Et tout ceci prend fin maintenant». Un
argument qui se veut imparable et qui
doit justifier un acte unique au monde.
Un précédent aussi, peut-être une
jurisprudence qui peut être invoquée
ailleurs, maintenant que les
imaginations ont été frappées. Une
promesse au bout. Une nouvelle structure
verra le jour sous une «autre forme»,
nous ne savons quand avec… énormément
moins de personnels. La mesure est
tombée sans préavis, sans information
préalable. Les «créanciers» étaient à
Athènes, ils ont dû féliciter les
dirigeants grecs pour leur respect des
règles qu'ils ont édictées pour le
«sauvetage de la Grèce». Ce sont les
représentants de l'Union européenne, de
la Banque européenne et du Fonds
monétaire international. La satisfaction
est certainement à son comble, surtout
dans la conjoncture actuelle où les
Grecs ne veulent pas se laisser faire.
Il n'y aura plus que les télévisions
privées pour communiquer et informer,
autant dire que l'espace d'expression
s'est drastiquement réduit. Ce qui a
fait réagir la Confédération générale
des travailleurs grecs (GSEE) qui met le
doigt sur le problème : «ERT appartient
au peuple grec ... c'est le seul média
indépendant et la seule voix publique,
qui doit rester dans le domaine public».
De son côté, le syndicat de journalistes
Poesy s'est prononcé pour une grève
immédiate de soutien dans les médias
privés, alors que les employés d'ERT
comptent résister.
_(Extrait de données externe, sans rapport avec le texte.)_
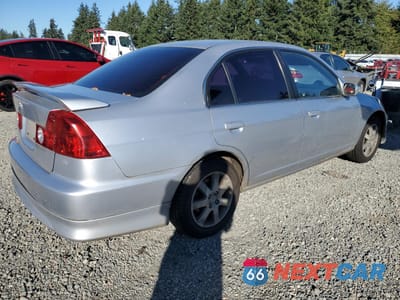 Trzecie zdjęcie samochodu z tyłu: 2004 ACURA 1.7EL TOURING VIN:2HHES36664H001486 - miniatura
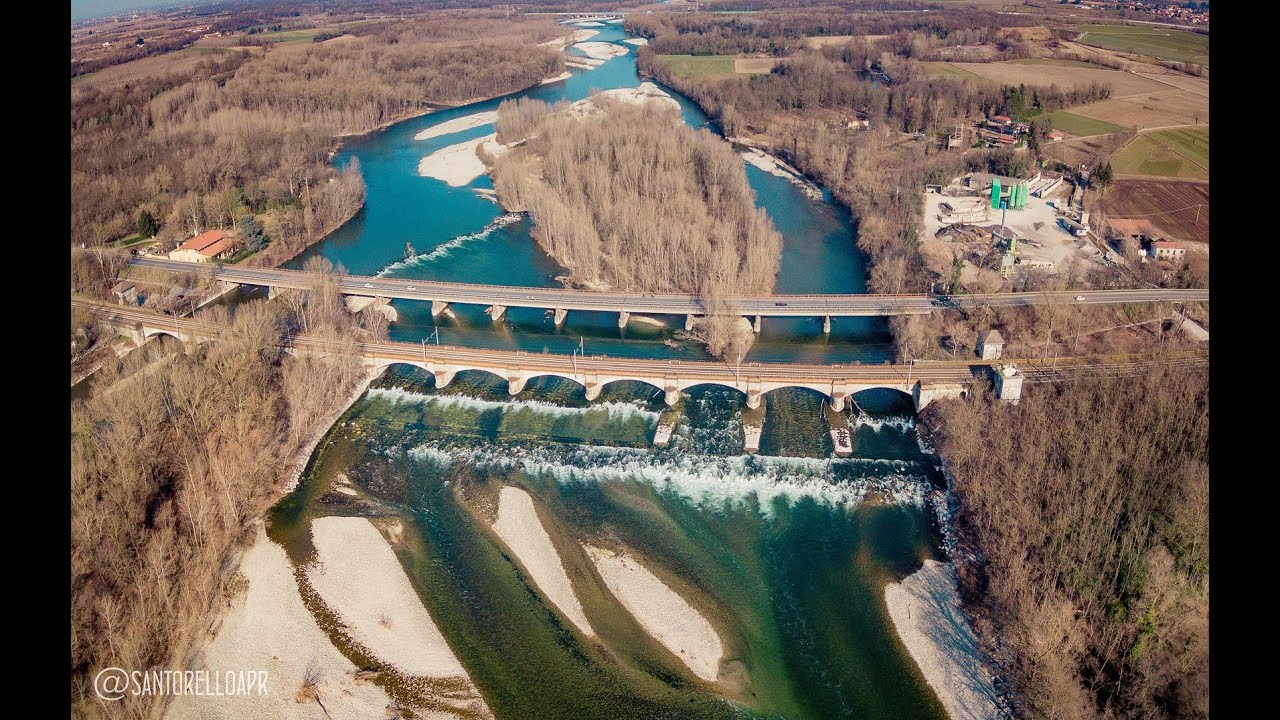 4K DRONE | La spiaggia sul Ticino & Ponte Boffalora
Un autre pas vient
d'être franchi dans le domaine des
médias vers leur marchandisation totale.
Le service public – c'est-à-dire un
service non lucratif par principe, dont
la rentabilité est immatérielle, mais si
déterminante pour la société humaine en
termes de diffusion d'œuvres culturelles
et d'ouverture politique et sociale – va
disparaître. Resteront, dans la place
libérée, les vendeurs de publicité, les
spécialistes de la décérébration et les
propagandistes des forces du marché et
des guerres colonialistes. Au Portugal,
le débat est ouvert depuis quelques
mois. Le chroniqueur Nobre Correia
s'insurge : «Pedro Passos Coelho
(Premier ministre) ne jure que par le
modèle libéral anglo-saxon ou allemand
et prend, sans le savoir, pour exemple
des pays où le service public de
l'audiovisuel est le plus solide. Le
Portugal, en privatisant son service
public de télévision, deviendrait un cas
à part dans l'Europe des 15». Le
chroniqueur oublie juste que son pays
est un maillon faible et que l'on
commence toujours par le maillon faible.